Task statement → As the answer, give exactly the lines of the records below from the one with "1 CONVOGLIO TEE" through the one with "Doraemon Bóng Chày - Chương 2", ends included and pictures left out.

Extracted entries →

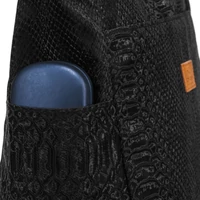 Kép 7/9 - Rovicky Mintás Shopper Táska R-Tz-01-2400 Black W06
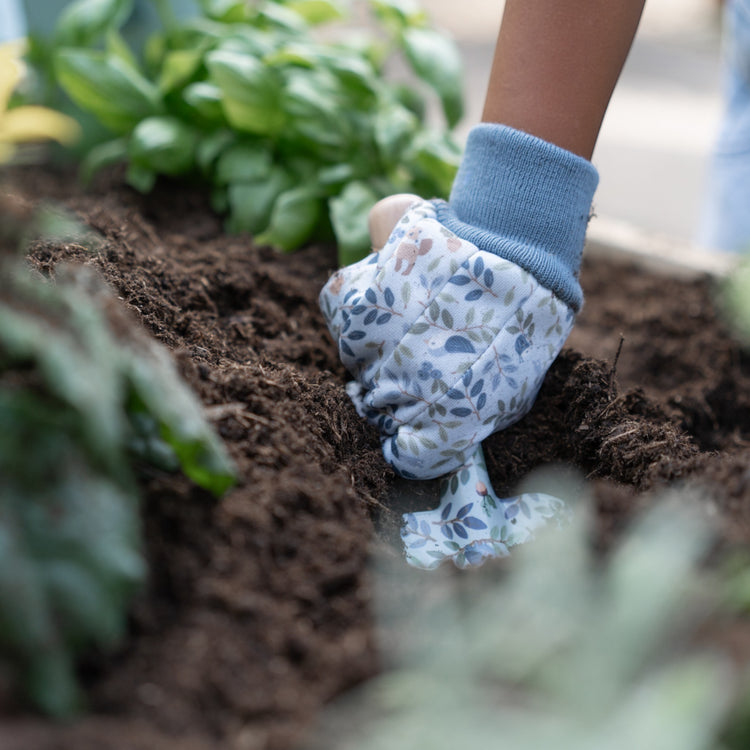 LITTLE DUTCH. Gardening gloves - Forest Friends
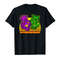 Buy Fat Tuesday Mardi Gras Vintage Masks And Sun T-Shirt - Tees.Design.png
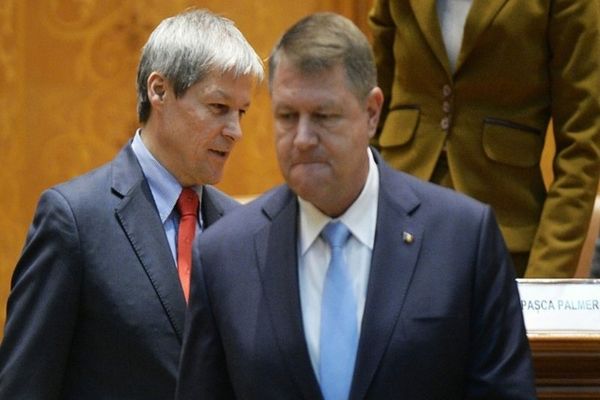 Dacian Cioloș: „Iohannis s-a poziționat ca fiind nașul acestei monstruoase coaliții”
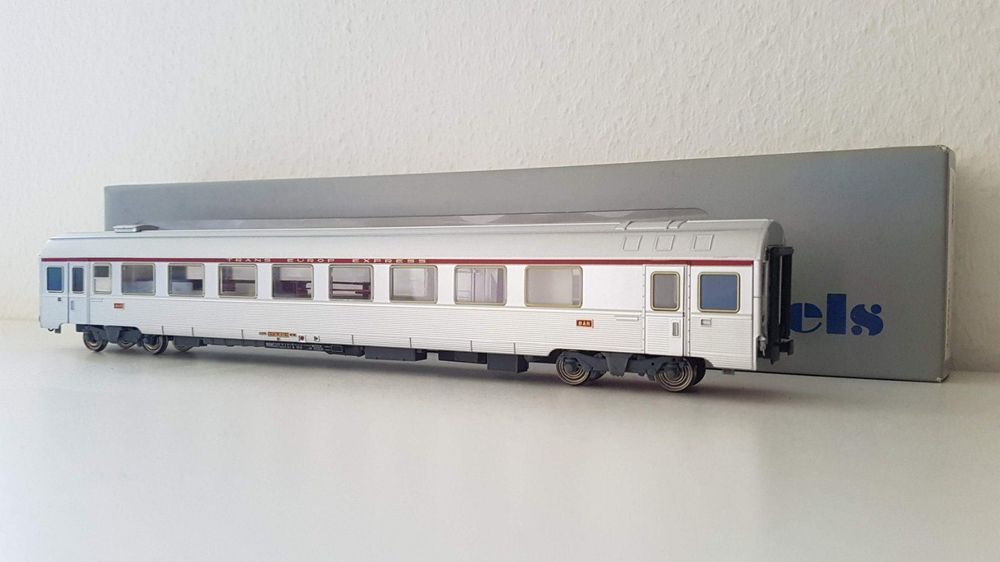 1 CONVOGLIO TEE FS ALn 442-448 Ligure LEMATEC scala N (1:160) mod. N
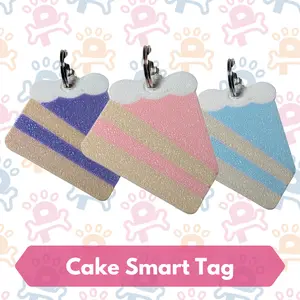 Cake NFC Smart Tag | Dog and Cat ID Tag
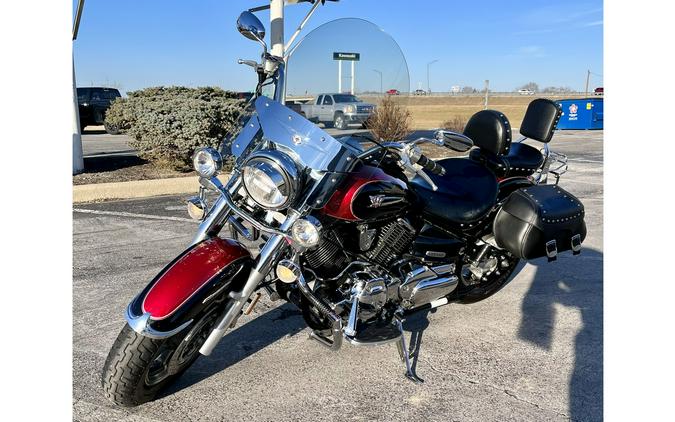 2005 Yamaha V Star 1100 Silverado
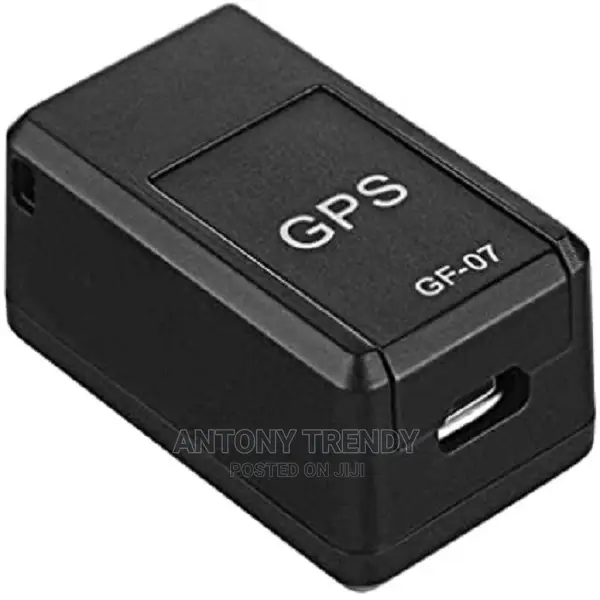 GF 07 7 GPS Tracker, Strong Magnetic Car GPS Locator.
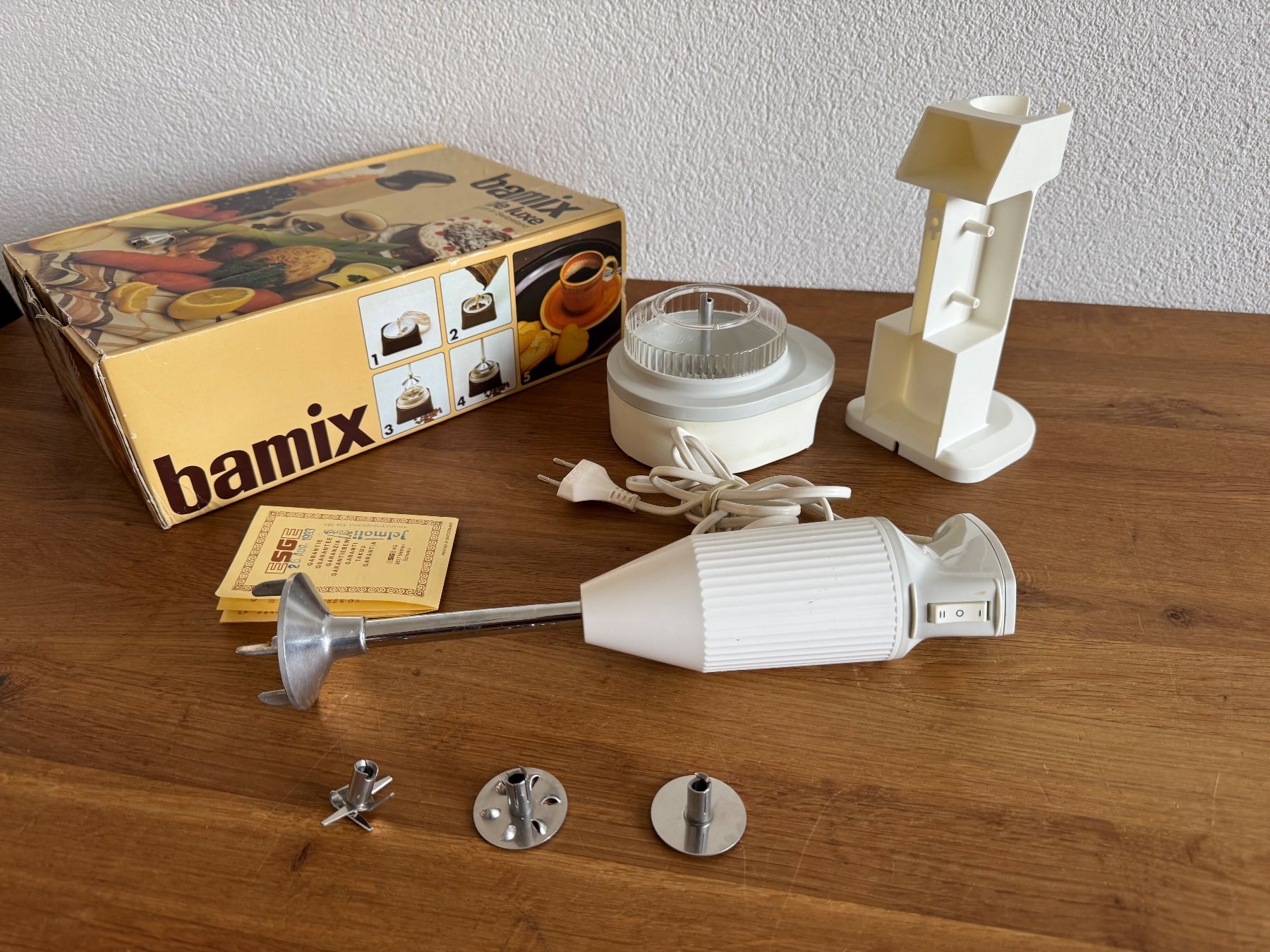 Bamix Appareils de cuisine: Stabmixer Bamix M133 – D'occasion à Frauenfeld par dilili 4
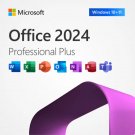 Microsoft Office 2024 Professional Plus genuine download with key for 1 PCs
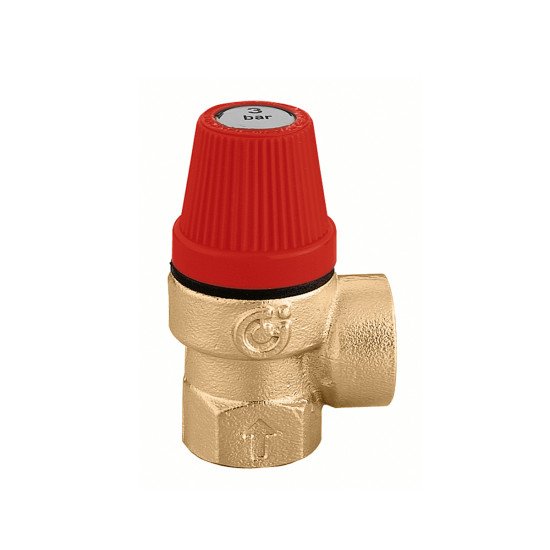 Ventil sigurnosni 3/4 FF 6 bara CALEFFI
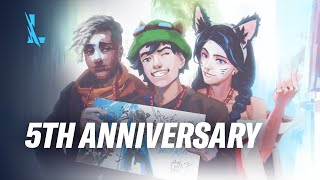 Miss This Life Ft. Ningning Of Aespa & Fairlane 5Th Anniversary - League Of Legends: Wild Rift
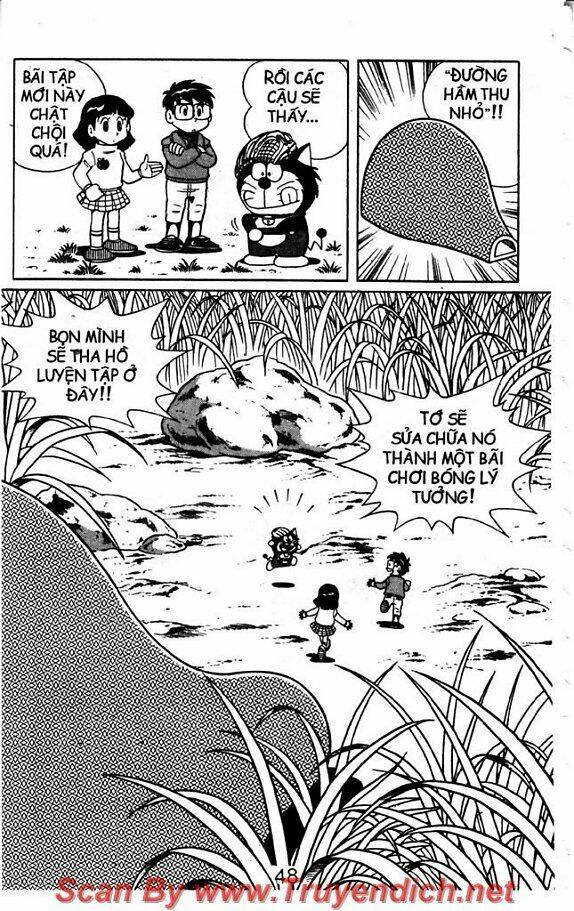 Doraemon Bóng Chày - Chương 2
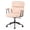 Pink, variant on edx PU Leather Home Office Chair, 350LBS Heavy Duty, 8 Hours Ergonomic High Back Desk Chair with Lumbar Support, Big and Tall Computer Chair for Work, Black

Output of the task →
 1 CONVOGLIO TEE FS ALn 442-448 Ligure LEMATEC scala N (1:160) mod. N
 Cake NFC Smart Tag | Dog and Cat ID Tag
 2005 Yamaha V Star 1100 Silverado
 GF 07 7 GPS Tracker, Strong Magnetic Car GPS Locator.
 Bamix Appareils de cuisine: Stabmixer Bamix M133 – D'occasion à Frauenfeld par dilili 4
 Microsoft Office 2024 Professional Plus genuine download with key for 1 PCs
 Ventil sigurnosni 3/4 FF 6 bara CALEFFI
 Miss This Life Ft. Ningning Of Aespa & Fairlane 5Th Anniversary - League Of Legends: Wild Rift
 Doraemon Bóng Chày - Chương 2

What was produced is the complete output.